Do Your Blazing Core of Repressed Rage A Favour: Morgan Lloyd Malcolm’s ‘Emilia’

Do Your Blazing Core of Repressed Rage A Favour: Morgan Lloyd Malcolm’s ‘Emilia’

“Take the fire as your OWN. You can use it! The houses that have been built around us are not made of stone. The stakes we have been tied to will NOT survive if our flames burn bright. If they try to burn you… may your fire be strong enough so you can burn the WHOLE. FUCKING. HOUSE. DOWN.”

THAT was how Emilia brought the Globe down last night. Morgan Lloyd Malcolm’s play is a volcano of feminist rage erupting with absolutely zero fucks to give about how many misogynists it eviscerates along the way. The beautifully diverse all-female cast chronicles the entire life of Emilia Bassano, England’s first published female poet and a contemporary of Shakespeare’s, weaving each scrap of historical evidence we have about her into a symphonic story of the woman who defied every rule of her day to reclaim her voice and her power from those bred to silence her.

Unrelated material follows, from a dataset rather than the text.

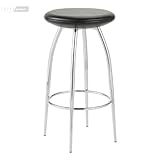 IMAGE OF Bernie Counter Stool Set (Black / Chrome) (25.6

I knew I had to bless my eyes with this fearless production the moment I came across this tweet from a fellow bookseller.

Have you seen a more soul-demanding recommendation?

Clocking in at just under three hours, Nicole Charles has directed a broiling behemoth of a call to arms that uses the space in the Globe to truly stunning effect, with the players wading into the stalls multiple times, breaking the fourth wall, and revelling in Anna Morrisey’s jubilant choreography. And they did it all in pouring rain.

The beautiful and fierce Leah Harvey shines as the youngest version of Emilia as she finds her muses (I can’t wait to see her career take off), while Vinette Robinson as the older Emilia captures her grace and endurance as she overcomes barrier after barrier. The script is obviously fire but she mines such depths in it and brings out so many nuanced beats and breaths.

I’ll never forget how she reacts to Shakespeare (ingeniously portrayed by Charity Wakefield) dismissing and diminishing her grief and urging her to just be at peace, how she roars after him: “I will never be at peace as long as I. HAVE. NO. VOICE.” Also that beat of silence when she rants about how there couldn’t be anything more violating, that was indescribable.

And there is no other way to characterise what happened in the last soliloquy than with that Korra gif – the indomitable Clare Perkins as the oldest Emilia utterly transformed the audience into a single synchronous sisterhood BAYING for blood. THAT is the power of art and representation and reclamation.

It resonated on a cellular level with every single woman in that crowd, that’s for sure. Watching it is like having dilithium crystals flung wantonly into the warp core of your imagination. I wish National Theatre Live were filming it before it closes.

Shout-out to Anna Andresen in her all-velvet get-up, and to the comic timing of Shiloh Coke and Amanda Wilkin. Every cast member plays about five different characters, all brilliant, but Amanda as Emilia’s flamboyant husband literally had me crying with laughter. The entire ensemble are just superlative and I’ve never had an audience experience like it, the closest thing was the London opening of Hamilton. Think on that.

You’ve only got one week left to see it, folks.

Do your blazing core of repressed rage a favour.